Le principe de la confiance s'applique aux procédures administratives. Selon ce principe, les décisions, les déclarations et comportements de l'administration doivent être compris dans le sens que son destinataire pouvait et devait leur attribuer selon les règles de la bonne foi, compte tenu de l'ensemble des circonstances qu'il connaissait ou aurait dû connaître (arrêts du Tribunal fédéral 2P.170/2004 du 14 octobre 2004 in RDAF 2005 ; 2A.452/2002 du 6 décembre 2002 consid. 3.1 in fine; ATF 135 III 410 consid. 3.2 ; 126 III 189 consid. 2a ; Thierry TANQUEREL, op. cit., n. 569 s). L'interprétation objectivée selon le principe de la confiance sera celle d'une personne loyale et raisonnable (ATF 116 II 431 consid. 3a ; ATA/399/2019 du 9 avril 2019 consid. 2). L'interprétation selon le principe de la confiance s'applique aussi aux déclarations de personnes privées (ATA/548/2018 du 5 juin 2018 consid. 4h et les références citées).

e. En l'espèce, les recourants reprochent au département de ne pas avoir informé M. MINKOFF de la poursuite de l'instruction de la demande préalable, à la suite de l'exclusion de la parcelle n° 802 du projet envisagé à l'origine avec Telis SA. Ils se plaignent aussi des indications erronées concernant M. MINKOFF et la parcelle n° 802 dans le libellé du projet contenu dans les formulaires de préavis et la décision finale. M. MINKOFF, alors seul propriétaire de la parcelle n° 802, indique avoir renoncé au projet car il pensait que Telis SA y avait également renoncé. Il considère avoir été écarté du projet par cette dernière sans en avoir été informé. Les recourants estiment que le changement des requérants et propriétaires concernés par la demande préalable, survenu avec le dépôt de la cinquième version du projet en décembre 2015, représente une modification exigeant l'ouverture d'une nouvelle procédure, une nouvelle instruction complète et une nouvelle publication de la demande dans la FAO, notamment au motif que « l'ancien "requérant" peut devenir "opposant" et [que] tous les rôles sont changés », en particulier lorsque la parcelle supprimée est « la tête de pont d'un ensemble ».

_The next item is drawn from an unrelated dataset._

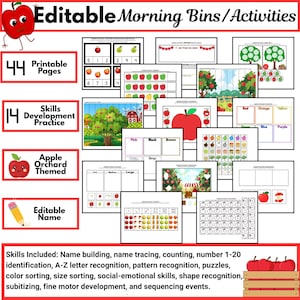 Könnte beinhalten: Eine Sammlung von 44 druckbaren Seiten für Morgenaktivitäten mit Apfelplantagen-Motiv. Das Set enthält 14 Übungsblätter zur Kompetenzentwicklung für Namensbildung, Zählen, Buchstabenerkennung, Mustererkennung und Sortieren.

La question de savoir si une nouvelle publication au sens de l'art. 3
al. 1 LCI devait être effectuée lors de la modification du projet de décembre 2015 consistant à sortir la parcelle n° 802 du projet initial, doit s'examiner de manière objective, par rapport à l'ampleur des changements intervenus et à l'impact de ces derniers. Contrairement à ce que semblent penser les recourants, le fait que l'autorisation sollicitée soit, après leur sortie et celle de leur parcelle n° 802 du projet, accordée n'exige pas en soi une nouvelle publication au sens de l'art. 3 al. 1 LCI. Cela dépend d'une appréciation objective et concrète de l'évolution du projet. Sur ce point, la chambre de céans partage l'argumentation susmentionnée du TAPI relative à la distinction entre une augmentation et une diminution de l'importance du projet et aux considérations liées à ce cas de figure-ci. Dans la présente affaire, il n'est pas contesté que, hormis la suppression de la parcelle n° 802, le projet déposé en décembre 2015 est resté, s'agissant de son implantation, sa destination, son gabarit, son volume et sa dévestiture, identique pour les immeubles projetés aux 25, 27 et 29, rue des Noirettes et aux 4 et 6, rue des Caroubiers. Comme le retient à juste titre le TAPI, l'ampleur du projet initial, dont la demande a été publiée dans la FAO, s'est réduite avec la version déposée en décembre 2015, avec pour conséquence une réduction de l'impact du projet. Le fait que la forme du projet de construction ait changé en raison de la sortie de l'immeuble projeté sur la parcelle n° 802, n'a pas pour effet d'augmenter, notamment envers les voisins, les potentielles nuisances du projet par rapport à celles du projet d'origine. Quant à la présence de différences entre le projet initial et le projet autorisé, elle est inhérente à l'évolution habituelle d'un dossier de construction entre le début et la fin de l'instruction, du fait qu'il est soumis aux instances consultées chargées d'émettre des préavis, dont les considérations sont susceptibles de conduire à des modifications du projet initial dont la demande a été publiée dans la FAO. L'élément déterminant au regard de la nécessité d'une nouvelle publication au sens de l'art. 3 al. 1 LCI demeure l'ampleur des changements et ses potentiels nouveaux impacts.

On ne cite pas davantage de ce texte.